Recorded data:

↓↓↓

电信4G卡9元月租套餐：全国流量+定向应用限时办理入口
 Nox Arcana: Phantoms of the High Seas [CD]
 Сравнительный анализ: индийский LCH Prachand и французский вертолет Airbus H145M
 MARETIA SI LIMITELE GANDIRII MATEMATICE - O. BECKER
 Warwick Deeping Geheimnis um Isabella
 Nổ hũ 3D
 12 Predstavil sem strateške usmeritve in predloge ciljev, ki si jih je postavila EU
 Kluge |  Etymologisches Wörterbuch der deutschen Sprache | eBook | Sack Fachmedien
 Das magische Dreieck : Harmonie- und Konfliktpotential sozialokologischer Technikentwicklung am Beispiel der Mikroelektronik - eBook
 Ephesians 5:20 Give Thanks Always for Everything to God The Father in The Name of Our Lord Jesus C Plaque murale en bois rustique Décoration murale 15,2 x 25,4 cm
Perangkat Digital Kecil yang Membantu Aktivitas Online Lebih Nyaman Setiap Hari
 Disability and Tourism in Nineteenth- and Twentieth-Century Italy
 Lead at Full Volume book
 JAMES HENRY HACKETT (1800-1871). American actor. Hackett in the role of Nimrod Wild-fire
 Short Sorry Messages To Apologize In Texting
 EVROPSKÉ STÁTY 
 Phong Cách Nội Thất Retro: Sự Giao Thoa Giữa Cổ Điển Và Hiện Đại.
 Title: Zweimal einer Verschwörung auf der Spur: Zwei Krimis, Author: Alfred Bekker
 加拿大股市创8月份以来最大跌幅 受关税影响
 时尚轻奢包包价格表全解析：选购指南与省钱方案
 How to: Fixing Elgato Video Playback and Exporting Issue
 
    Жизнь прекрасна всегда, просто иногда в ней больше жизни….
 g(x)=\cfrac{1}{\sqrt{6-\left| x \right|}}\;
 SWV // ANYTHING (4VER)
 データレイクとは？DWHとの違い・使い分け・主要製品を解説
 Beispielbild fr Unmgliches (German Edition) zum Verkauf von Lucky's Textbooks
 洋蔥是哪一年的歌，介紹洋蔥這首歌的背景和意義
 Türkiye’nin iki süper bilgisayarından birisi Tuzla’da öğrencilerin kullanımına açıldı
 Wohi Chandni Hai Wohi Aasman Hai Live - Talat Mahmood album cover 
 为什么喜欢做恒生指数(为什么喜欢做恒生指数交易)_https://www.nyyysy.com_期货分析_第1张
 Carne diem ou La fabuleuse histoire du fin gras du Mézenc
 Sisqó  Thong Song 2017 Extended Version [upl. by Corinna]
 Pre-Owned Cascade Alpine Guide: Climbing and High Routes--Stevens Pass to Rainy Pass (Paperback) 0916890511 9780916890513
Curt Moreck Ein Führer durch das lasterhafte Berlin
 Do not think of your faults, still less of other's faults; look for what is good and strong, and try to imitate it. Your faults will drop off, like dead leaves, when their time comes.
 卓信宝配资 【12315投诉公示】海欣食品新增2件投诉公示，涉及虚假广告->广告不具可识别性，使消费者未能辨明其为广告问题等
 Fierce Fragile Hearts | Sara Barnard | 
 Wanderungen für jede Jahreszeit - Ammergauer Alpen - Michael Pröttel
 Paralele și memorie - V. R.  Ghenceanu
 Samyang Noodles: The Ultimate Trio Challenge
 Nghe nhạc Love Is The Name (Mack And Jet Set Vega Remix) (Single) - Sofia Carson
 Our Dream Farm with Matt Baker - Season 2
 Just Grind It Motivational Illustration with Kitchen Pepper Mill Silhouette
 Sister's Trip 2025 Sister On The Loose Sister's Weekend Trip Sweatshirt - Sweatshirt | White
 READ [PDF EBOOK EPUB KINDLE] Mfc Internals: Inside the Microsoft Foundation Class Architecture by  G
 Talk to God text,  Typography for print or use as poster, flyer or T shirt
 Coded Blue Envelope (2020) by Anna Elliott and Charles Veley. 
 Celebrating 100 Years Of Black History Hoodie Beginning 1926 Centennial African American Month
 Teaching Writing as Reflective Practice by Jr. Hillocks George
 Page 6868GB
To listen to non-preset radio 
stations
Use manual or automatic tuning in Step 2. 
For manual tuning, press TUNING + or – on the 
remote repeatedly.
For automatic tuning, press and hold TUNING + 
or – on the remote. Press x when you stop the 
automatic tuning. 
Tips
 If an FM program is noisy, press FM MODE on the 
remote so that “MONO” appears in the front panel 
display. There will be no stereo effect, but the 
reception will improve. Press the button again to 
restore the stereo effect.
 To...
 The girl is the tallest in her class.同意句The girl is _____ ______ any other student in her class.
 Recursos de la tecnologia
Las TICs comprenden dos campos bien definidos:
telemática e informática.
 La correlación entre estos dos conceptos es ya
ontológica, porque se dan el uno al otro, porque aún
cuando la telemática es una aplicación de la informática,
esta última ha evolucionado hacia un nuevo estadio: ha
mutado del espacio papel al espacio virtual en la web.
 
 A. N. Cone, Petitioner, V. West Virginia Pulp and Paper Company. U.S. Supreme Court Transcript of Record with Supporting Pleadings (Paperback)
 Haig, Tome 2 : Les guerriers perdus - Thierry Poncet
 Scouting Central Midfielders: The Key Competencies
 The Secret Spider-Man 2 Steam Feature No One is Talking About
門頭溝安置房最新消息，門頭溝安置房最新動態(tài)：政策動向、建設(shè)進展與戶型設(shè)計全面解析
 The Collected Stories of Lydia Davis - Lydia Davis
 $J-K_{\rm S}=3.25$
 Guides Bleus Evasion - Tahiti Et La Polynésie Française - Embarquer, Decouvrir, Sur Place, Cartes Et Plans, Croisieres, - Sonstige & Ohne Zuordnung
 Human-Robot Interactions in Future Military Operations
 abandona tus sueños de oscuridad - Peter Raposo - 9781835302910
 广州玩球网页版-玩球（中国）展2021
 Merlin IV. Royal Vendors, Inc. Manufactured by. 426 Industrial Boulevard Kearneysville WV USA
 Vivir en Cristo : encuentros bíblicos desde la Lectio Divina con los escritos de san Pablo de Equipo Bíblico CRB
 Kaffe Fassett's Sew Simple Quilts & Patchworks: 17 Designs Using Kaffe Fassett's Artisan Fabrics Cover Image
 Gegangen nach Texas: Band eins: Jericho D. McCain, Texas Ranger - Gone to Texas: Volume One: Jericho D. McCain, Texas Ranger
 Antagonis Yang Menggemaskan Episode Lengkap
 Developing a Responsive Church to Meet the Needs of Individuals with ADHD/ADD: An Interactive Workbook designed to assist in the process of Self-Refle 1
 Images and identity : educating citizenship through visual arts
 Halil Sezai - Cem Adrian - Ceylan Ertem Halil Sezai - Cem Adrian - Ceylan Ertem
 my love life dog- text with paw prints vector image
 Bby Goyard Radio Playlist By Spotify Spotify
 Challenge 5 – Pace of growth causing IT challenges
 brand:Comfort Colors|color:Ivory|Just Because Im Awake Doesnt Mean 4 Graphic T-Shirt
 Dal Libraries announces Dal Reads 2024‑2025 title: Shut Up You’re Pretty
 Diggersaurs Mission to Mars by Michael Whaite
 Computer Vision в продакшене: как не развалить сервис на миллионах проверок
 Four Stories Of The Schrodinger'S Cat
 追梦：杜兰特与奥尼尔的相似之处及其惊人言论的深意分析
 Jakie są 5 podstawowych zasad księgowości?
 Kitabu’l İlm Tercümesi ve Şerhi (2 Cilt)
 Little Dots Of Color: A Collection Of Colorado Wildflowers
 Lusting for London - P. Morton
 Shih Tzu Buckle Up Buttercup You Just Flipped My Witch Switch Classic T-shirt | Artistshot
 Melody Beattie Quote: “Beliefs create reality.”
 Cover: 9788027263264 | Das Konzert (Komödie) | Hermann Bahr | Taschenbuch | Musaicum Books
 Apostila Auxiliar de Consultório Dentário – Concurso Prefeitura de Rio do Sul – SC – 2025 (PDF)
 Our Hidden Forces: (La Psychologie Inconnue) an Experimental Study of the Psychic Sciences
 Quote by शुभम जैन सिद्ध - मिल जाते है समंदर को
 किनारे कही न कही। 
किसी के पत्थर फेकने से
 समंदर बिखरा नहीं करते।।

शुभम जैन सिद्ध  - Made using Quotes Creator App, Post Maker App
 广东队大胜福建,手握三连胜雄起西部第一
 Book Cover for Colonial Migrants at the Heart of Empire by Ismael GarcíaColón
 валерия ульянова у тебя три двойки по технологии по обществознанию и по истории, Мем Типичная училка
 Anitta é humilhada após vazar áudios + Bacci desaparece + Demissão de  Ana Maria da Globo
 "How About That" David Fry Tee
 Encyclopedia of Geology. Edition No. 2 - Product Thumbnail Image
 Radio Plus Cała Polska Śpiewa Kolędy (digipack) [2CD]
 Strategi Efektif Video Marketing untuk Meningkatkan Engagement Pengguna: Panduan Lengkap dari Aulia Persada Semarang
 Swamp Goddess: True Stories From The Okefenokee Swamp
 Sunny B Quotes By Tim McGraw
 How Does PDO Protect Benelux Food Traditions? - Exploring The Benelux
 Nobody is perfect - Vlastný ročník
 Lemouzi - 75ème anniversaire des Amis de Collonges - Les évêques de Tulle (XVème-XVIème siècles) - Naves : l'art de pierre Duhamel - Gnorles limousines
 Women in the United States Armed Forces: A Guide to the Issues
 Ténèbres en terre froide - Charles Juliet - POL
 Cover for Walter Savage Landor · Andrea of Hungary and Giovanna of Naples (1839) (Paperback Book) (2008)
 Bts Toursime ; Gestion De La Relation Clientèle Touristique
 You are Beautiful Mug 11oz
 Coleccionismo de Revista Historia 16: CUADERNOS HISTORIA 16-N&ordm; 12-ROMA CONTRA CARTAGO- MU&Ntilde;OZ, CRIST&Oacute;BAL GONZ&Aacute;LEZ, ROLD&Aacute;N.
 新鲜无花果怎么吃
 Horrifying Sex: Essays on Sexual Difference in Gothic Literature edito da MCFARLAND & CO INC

↑↑↑

WORK TO BE COMPLETED: The response must consist of the lines above, from the first one through the line containing "Perangkat Digital Kecil", reproduced exactly.

ANSWER SECTION:
电信4G卡9元月租套餐：全国流量+定向应用限时办理入口
 Nox Arcana: Phantoms of the High Seas [CD]
 Сравнительный анализ: индийский LCH Prachand и французский вертолет Airbus H145M
 MARETIA SI LIMITELE GANDIRII MATEMATICE - O. BECKER
 Warwick Deeping Geheimnis um Isabella
 Nổ hũ 3D
 12 Predstavil sem strateške usmeritve in predloge ciljev, ki si jih je postavila EU
 Kluge |  Etymologisches Wörterbuch der deutschen Sprache | eBook | Sack Fachmedien
 Das magische Dreieck : Harmonie- und Konfliktpotential sozialokologischer Technikentwicklung am Beispiel der Mikroelektronik - eBook
 Ephesians 5:20 Give Thanks Always for Everything to God The Father in The Name of Our Lord Jesus C Plaque murale en bois rustique Décoration murale 15,2 x 25,4 cm
Perangkat Digital Kecil yang Membantu Aktivitas Online Lebih Nyaman Setiap Hari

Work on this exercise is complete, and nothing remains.